Recorded information below:

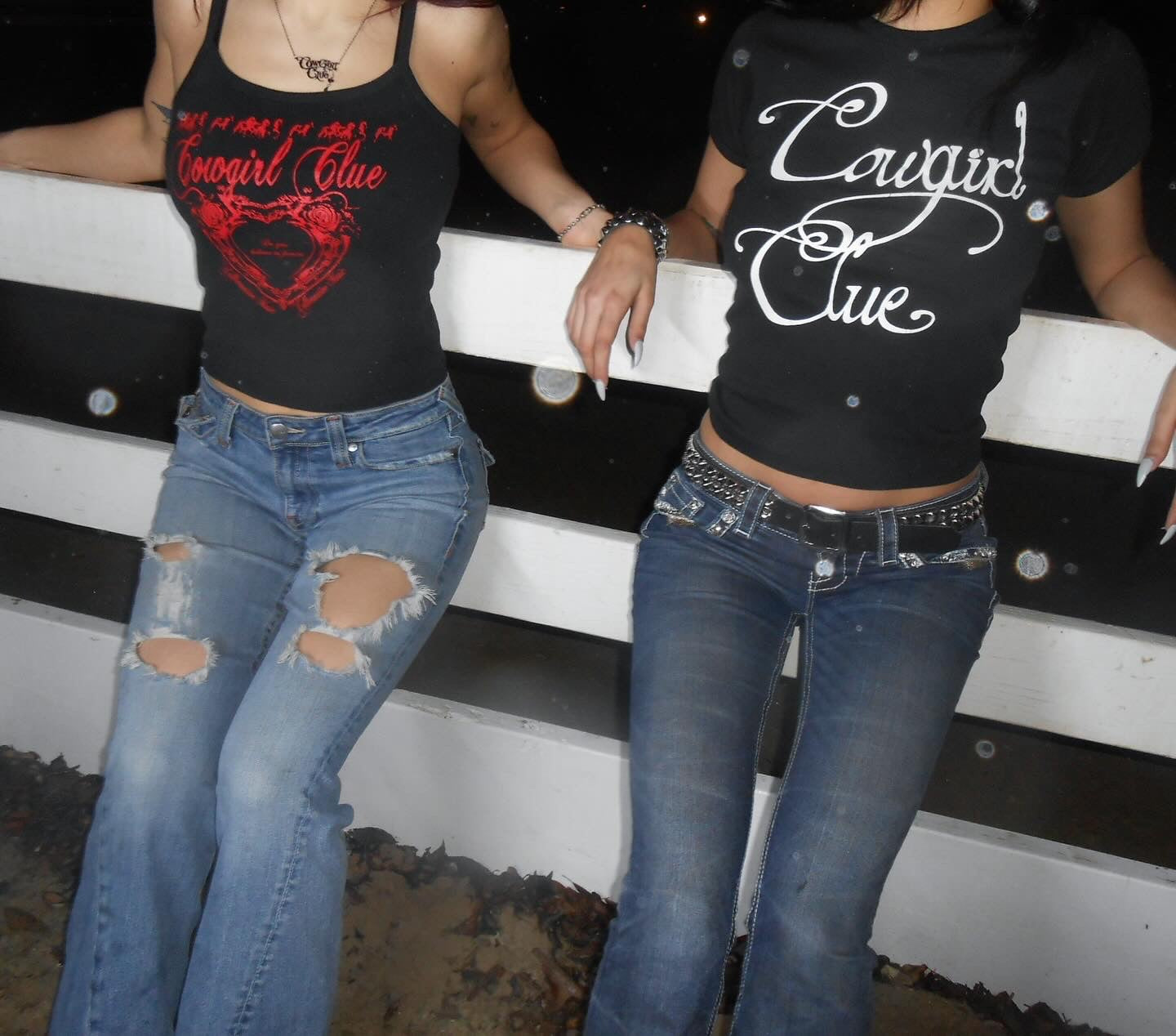 Cowgirl Clue Classic Heart Logo Tank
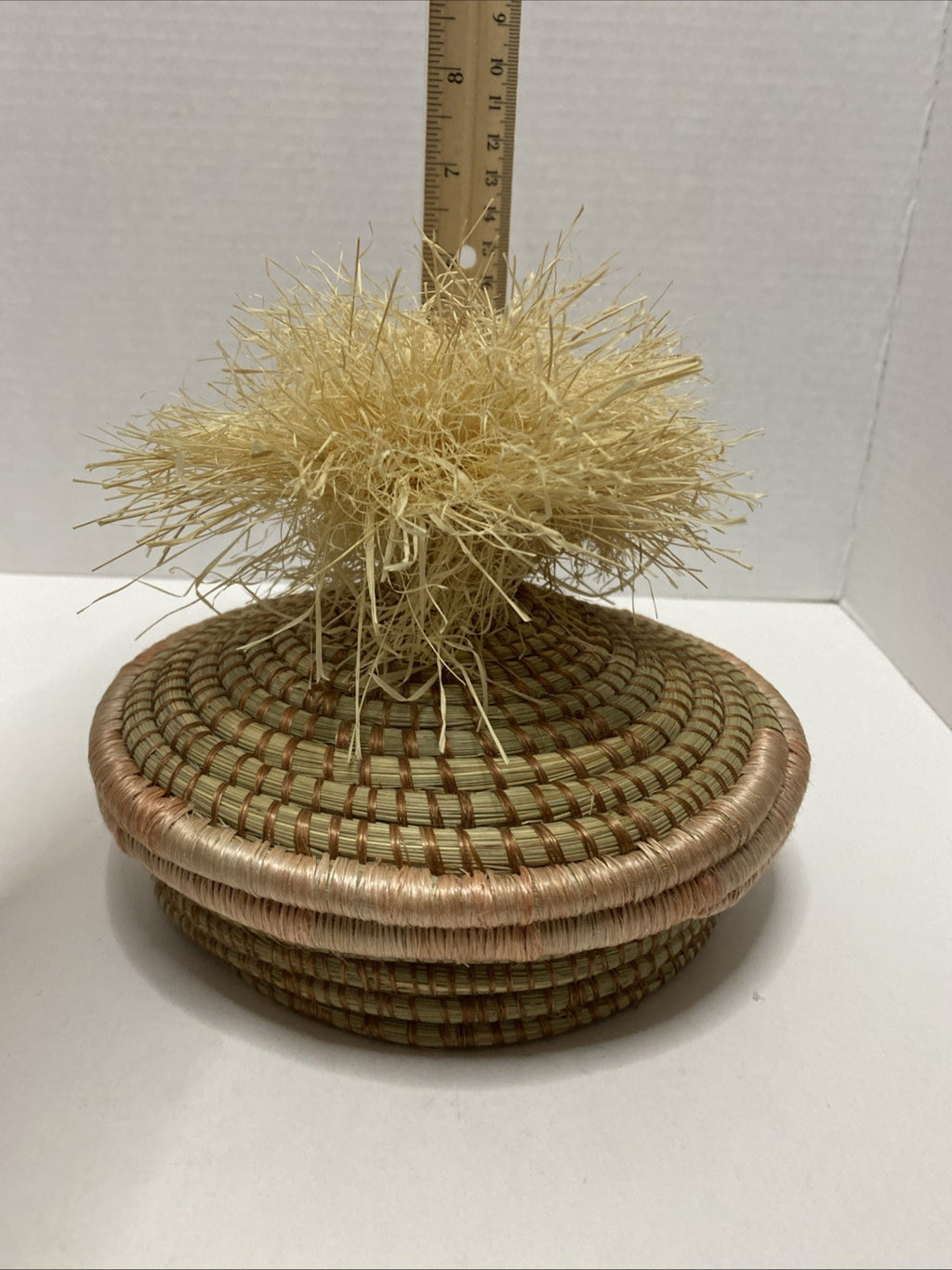 Opalhouse Jungalow Woven Pom Lidded Basket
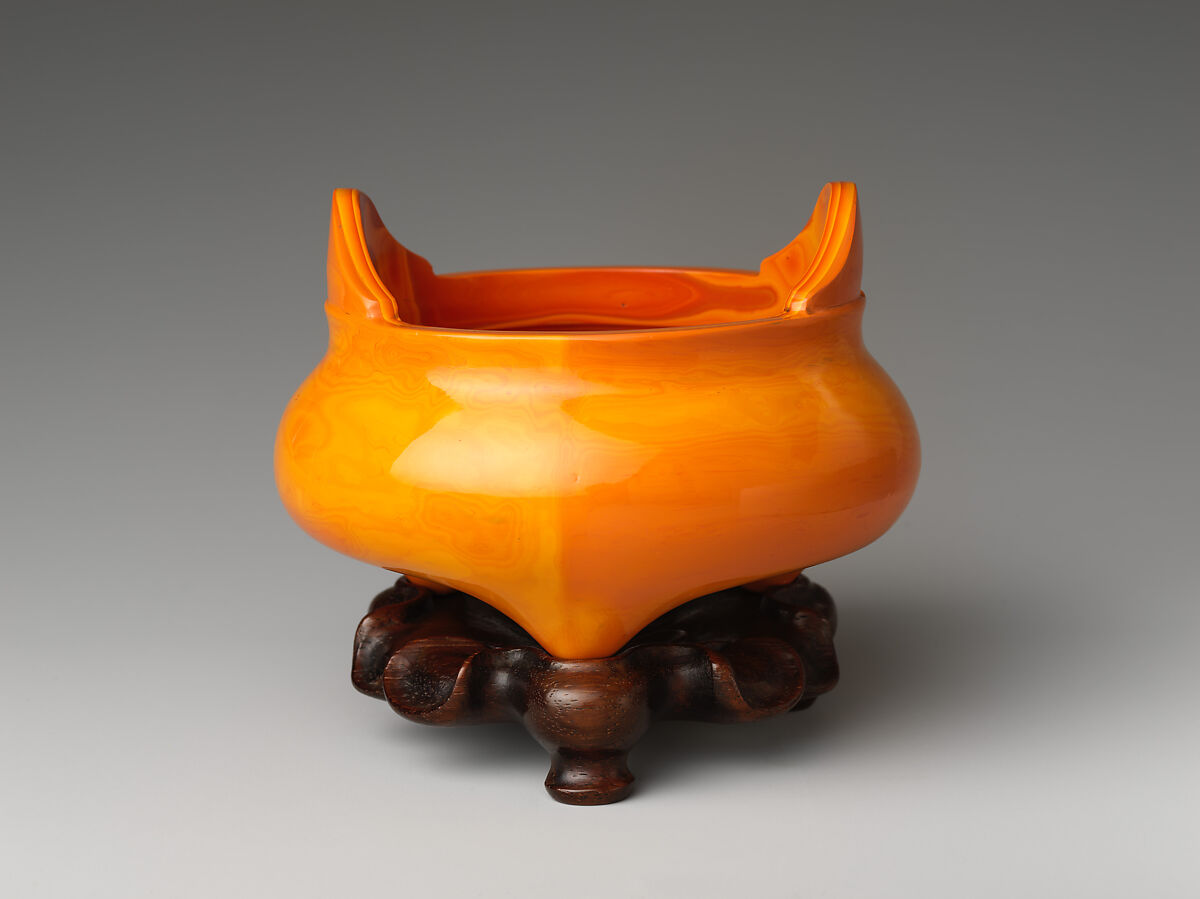 Tripod censer, Glass, China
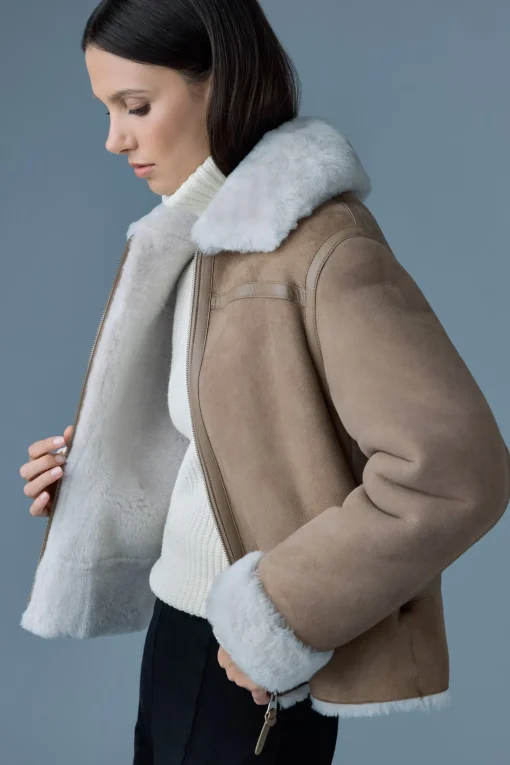 BETTY 2-in-1 reversible leather shearling jacket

End of Recorded information.

#### Aim of the task
Working from the material above, transcribe it exactly while omitting pictures.

#### Reply
 Cowgirl Clue Classic Heart Logo Tank
 Opalhouse Jungalow Woven Pom Lidded Basket
 Tripod censer, Glass, China
 BETTY 2-in-1 reversible leather shearling jacket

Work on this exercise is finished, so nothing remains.